I don’t know what it is that is making me this way – a dear friend passed away unexpectedly this week, and I was out of town for a week and the changes in Grace in just that time were astonishing – but all of it added together just has me very thoughtful, thankful, and tearful. I want to slow things down and remember this time with my sweet girl and my sweet husband.
And I want to prepare for my next sweet girl – Rebekah is growing at an astonishing rate as well – kicking me constantly. I’ve only been pregnant twice but both times it has been suddenly obvious almost overnight that they are BIG and getting ready to come join us in our crazy world. It is like one day they are there and you feel them occasionally – and the next you feel them all day everyday and it is sometimes painfully obvious that they are running out of room in their little safe home.
My friend Alton was too young to die. I thank God for the comfort that comes from knowing he had a relationship with Christ and from knowing definitively that he is home with Jesus – feeling no pain and loving the wonderful presence of Christ. But I mourn for his wife and daughter. It is so shocking. He was so young. His little girl is only 13. I keep thinking about times I spent with Alton, and I’m sure at the funeral tomorrow I’ll see pictures of him as a little boy and I know my heart will break all over again. We are just not meant for this world. I pray that the truth of the Gospel of Christ will reach all of his family and friends – I have just been begging the Lord to show up in power at his service and give salvation and comfort and peace and assurance to the people who have suffered such an unexpected loss. I pray for my Pastor that he would have the words to say straight from the mouth of God. I pray for David and Brian and Liz as they sing that the words of the songs and the truth of the message would penetrate through the fog of shock and change lives.

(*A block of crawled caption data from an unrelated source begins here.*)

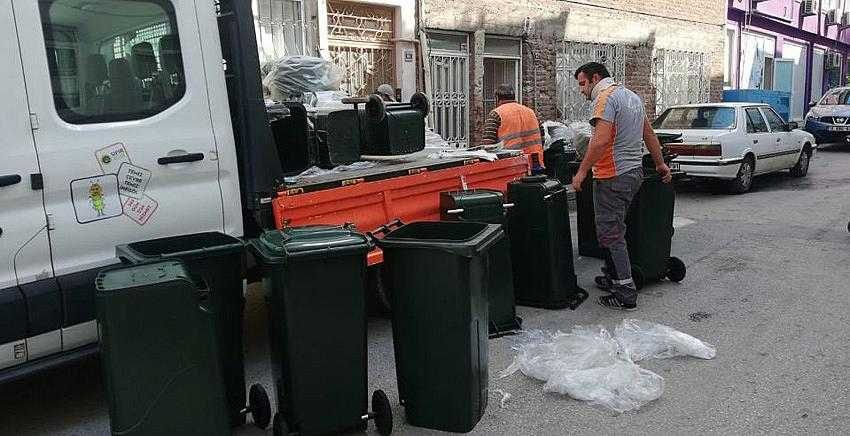 Bireysel çöp konteynırları pilot bölgede uygulanmaya başladı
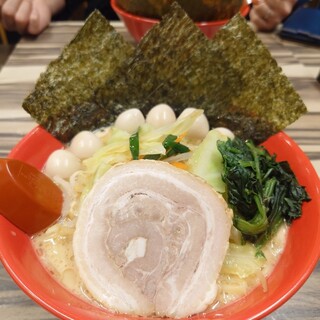 横浜家系ラーメン 赤家_0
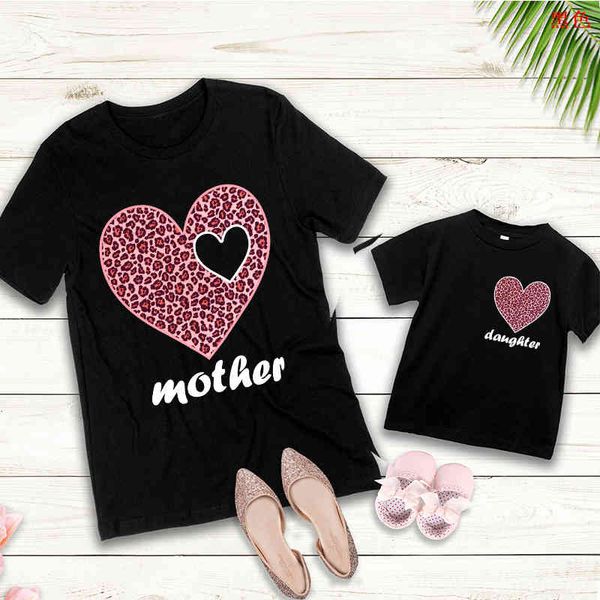 women's hoodies & sweatshirts mom's graphic shirt, short-sleeve shirt stamped plus size, heart shape, family clothes, summer cnop, Black
women's hoodies & sweatshirts mom's graphic shirt, short-sleeve shirt stamped plus size, heart shape, family clothes, summer cnop, Black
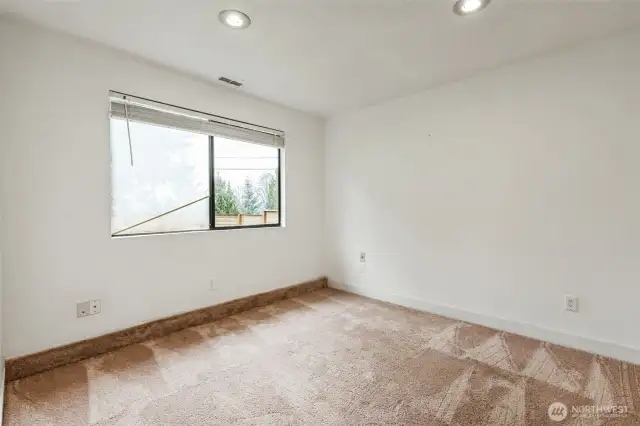 Downstairs bedroom1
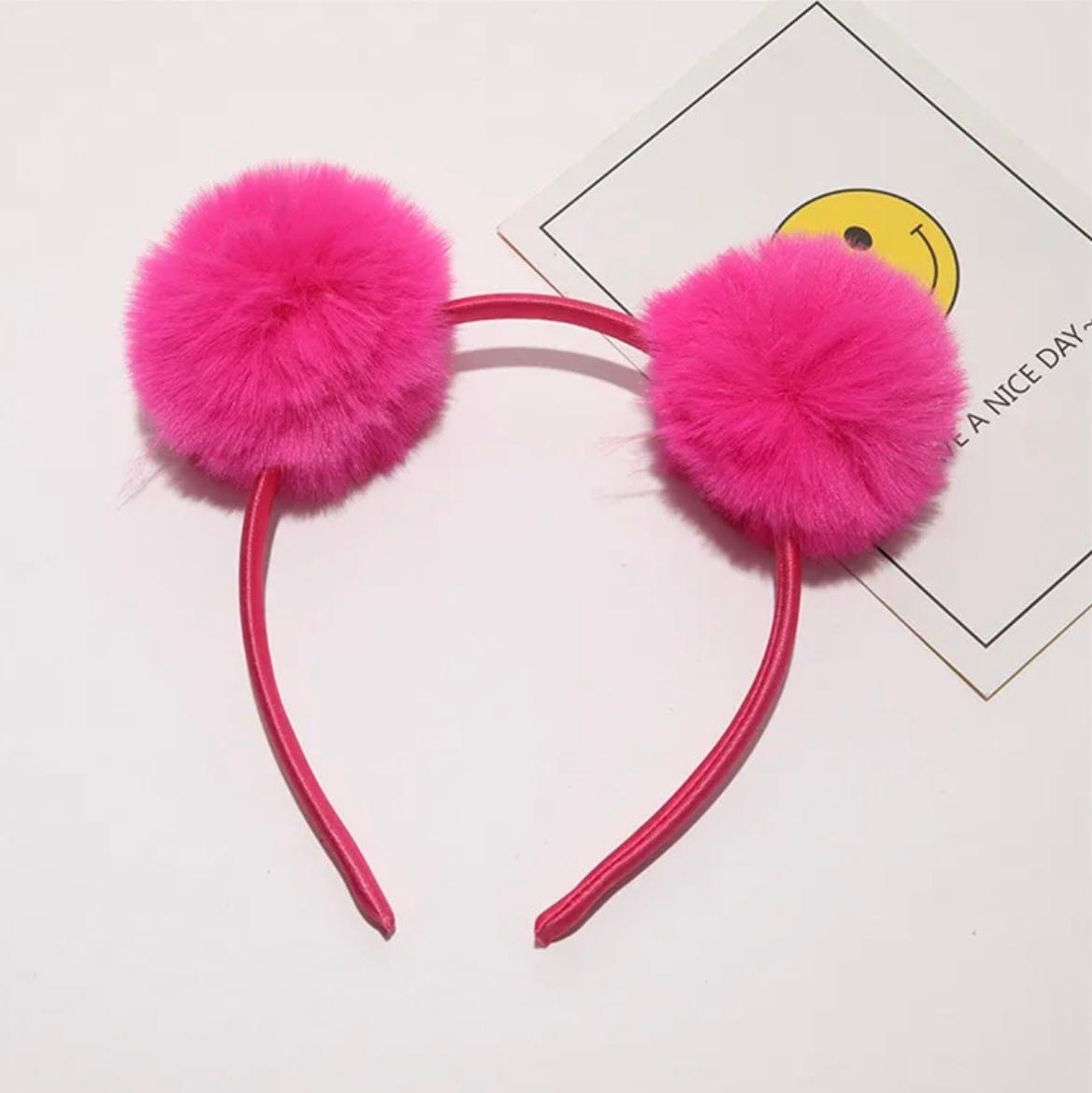 Plush Fun for Everyone: The Multicolor Pom-Pom Headband!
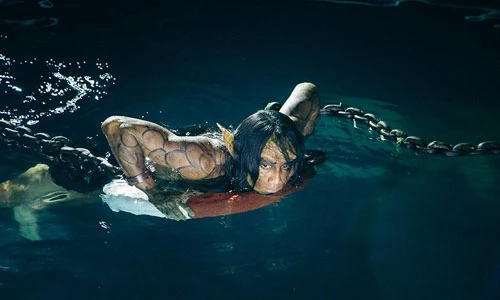 Phạm Anh Khoa nằm dưới hồ cùng trăn "khủng" để quay MV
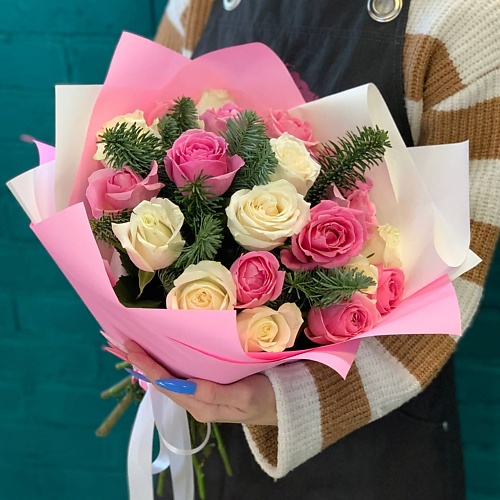 

ЦВЕТЫ МИШКИ Букет из розовых и белых роз с нобилисом, Букет из розовых и белых роз с нобилисом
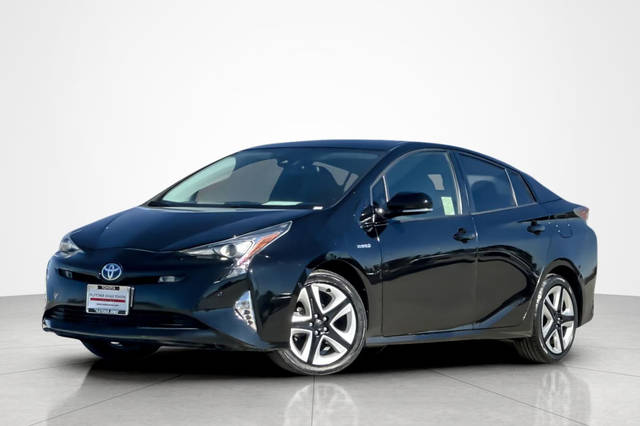 2018 Toyota Prius Three Touring FWD photo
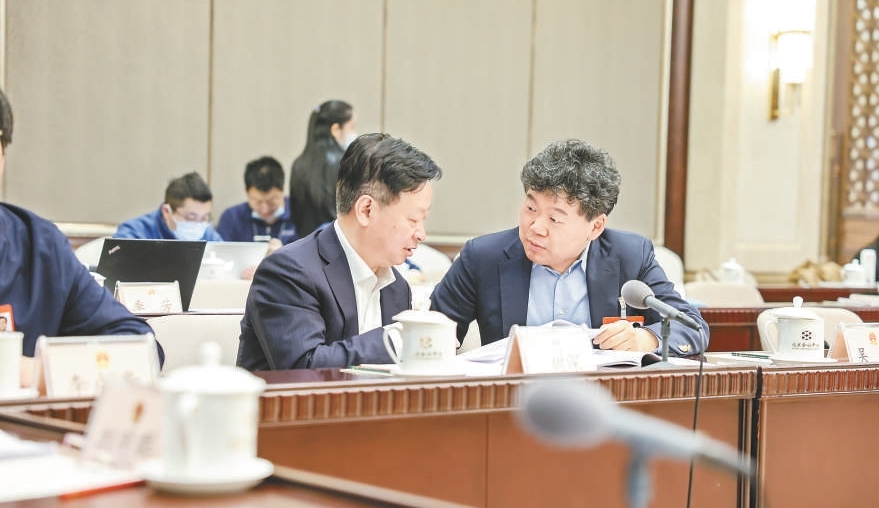 北京市代表团热烈讨论、交换意见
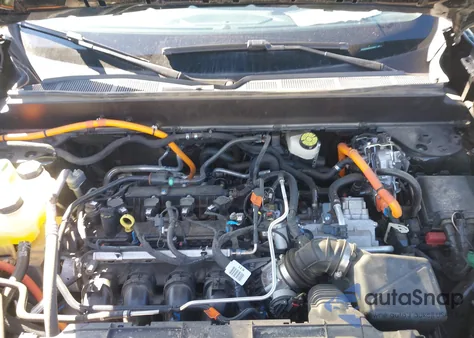 2023 Ford Maverick Lariat z USA, uszkodzony, nr VIN 3FTTW8E36PRA33026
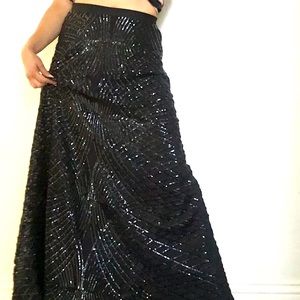 SLATE &WILLOW Black Cecilia Maxi Skirt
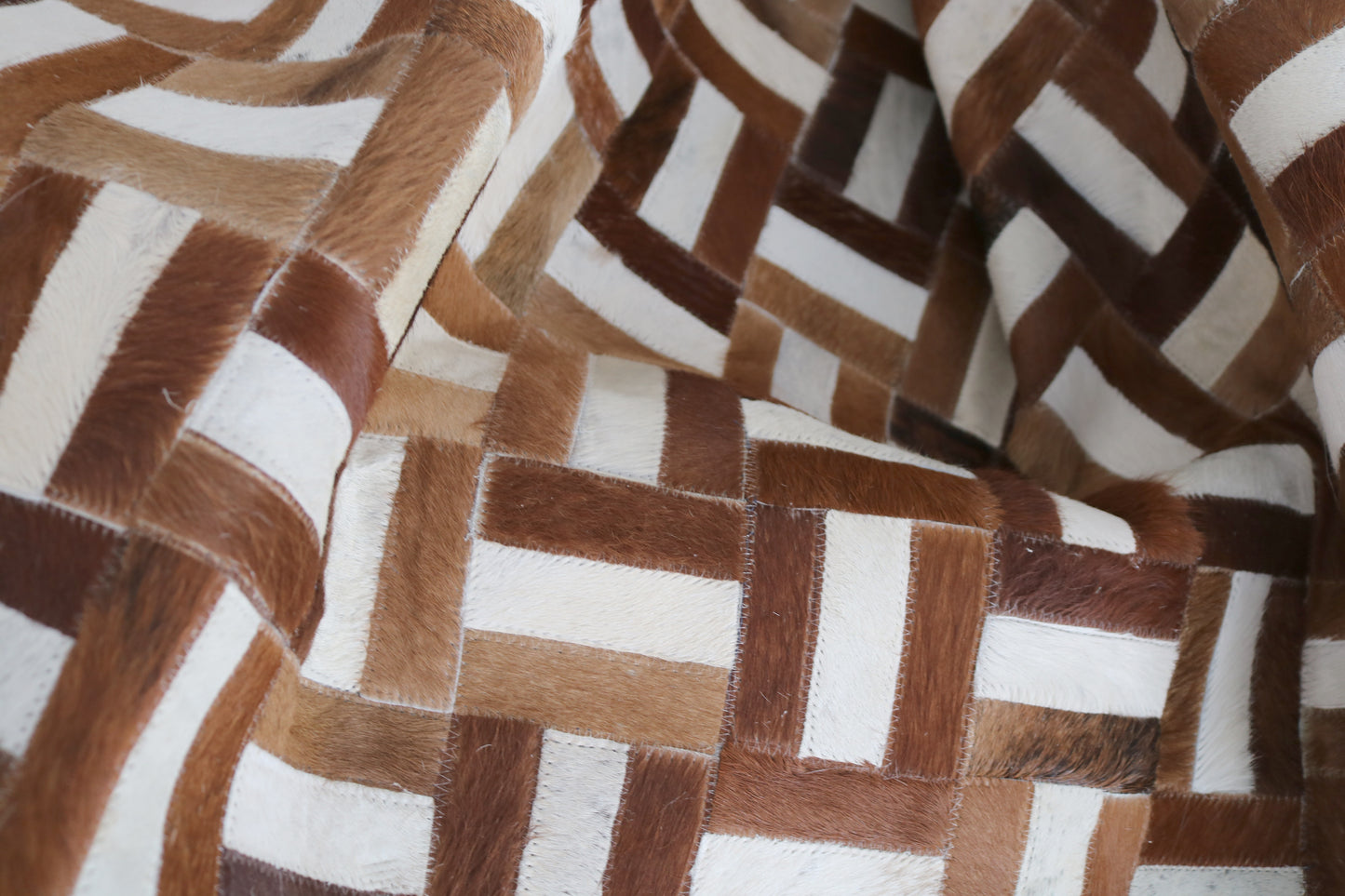 98465 Cowhide rug Tapis Peau de Vache PATCHWORK Collection Quebecuir Premium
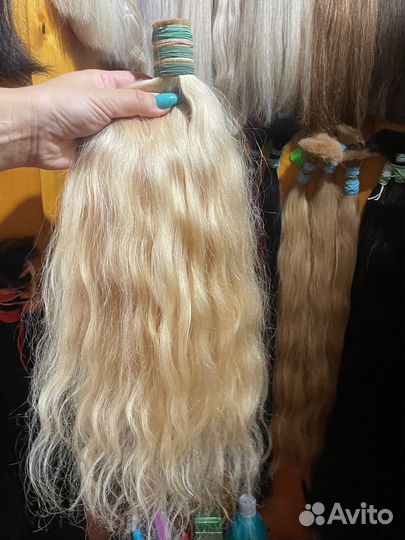 Волосы срез кудрявые блонд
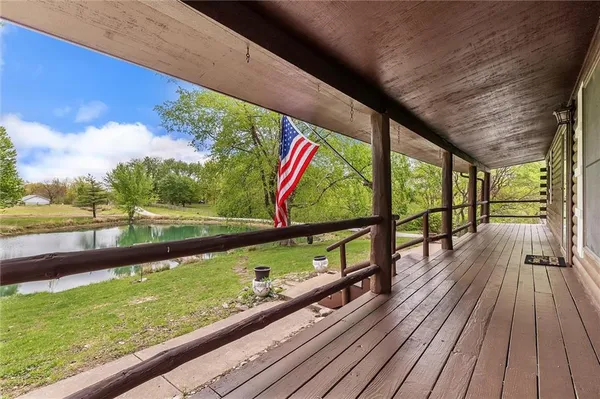 $949,000 | 3389 Southeast Old Barn Lane, Holt, MO 64048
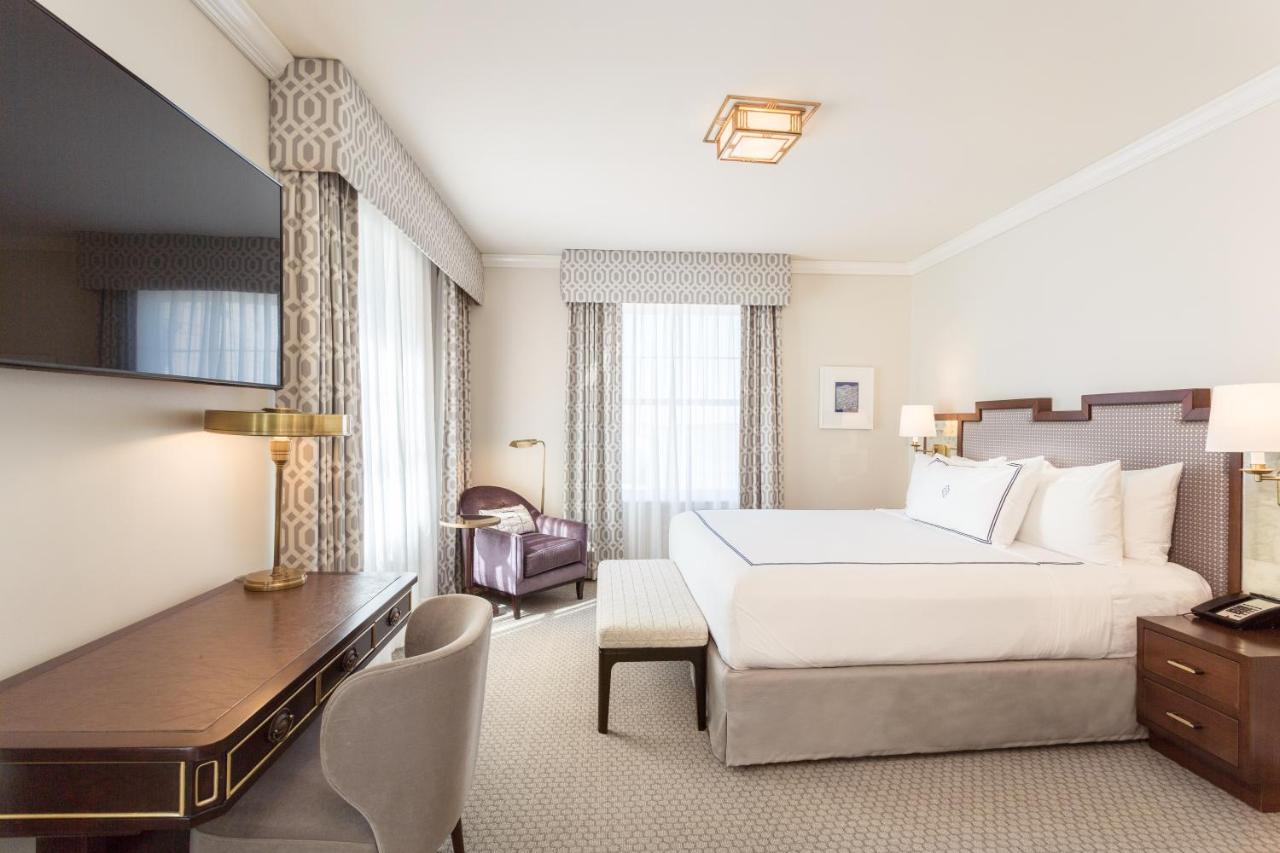 One-Bedroom Corner Suite at The Lancaster Hotel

Alton cherished life with his daughter – I know he did. He talked about her, and his wife, constantly. He picked Chelzi up from school almost every day. He was good at being present with people.
I have been so convicted this week. I have ALWAYS known that being present with people is my weakness. I am a doer – task oriented more than people oriented. In every review with every ministry I’ve ever worked with it comes up – in many of my prayers it is the theme. It is my nature to think that hanging out talking with someone is sometimes wasted time when things need to be done. It is one of my biggest faults – if not my biggest. I hate it about myself – and want it to change. Have wanted it to change for years and am frustrated with myself that I am still struggling and praying through it years after I became aware of it. I have remembered with shame this week times where I would be in the middle of things and even my sweet friend Alton would call and I would answer his question, do a small amount of “small talk,” and then get off the phone. How much I have regretted that this week. How much I wish that I had taken every chance to get to know better the heart of this man who I now have lost.
Jesus please continue to shape and mold me and change that about me. As I sit here writing this on the sofa with my sweet little girl laughing at Clifford the Big Red Dog beside me tucked in at my side – I don’t want to be that kind of mom – that kind of wife. I want to be the kind that makes her feel that she is the single most important thing in my life. Alton had that gift. My friend who is home with the Lord, John Weber, had that gift. I desperately want it.
So I am tearful and contemplative and begging the Lord to change me today. And tomorrow I say goodbye on this earth to my sweet friend and am thankful that in heaven I will no longer be flawed – and I can spend more time with my friend in perfect relationship.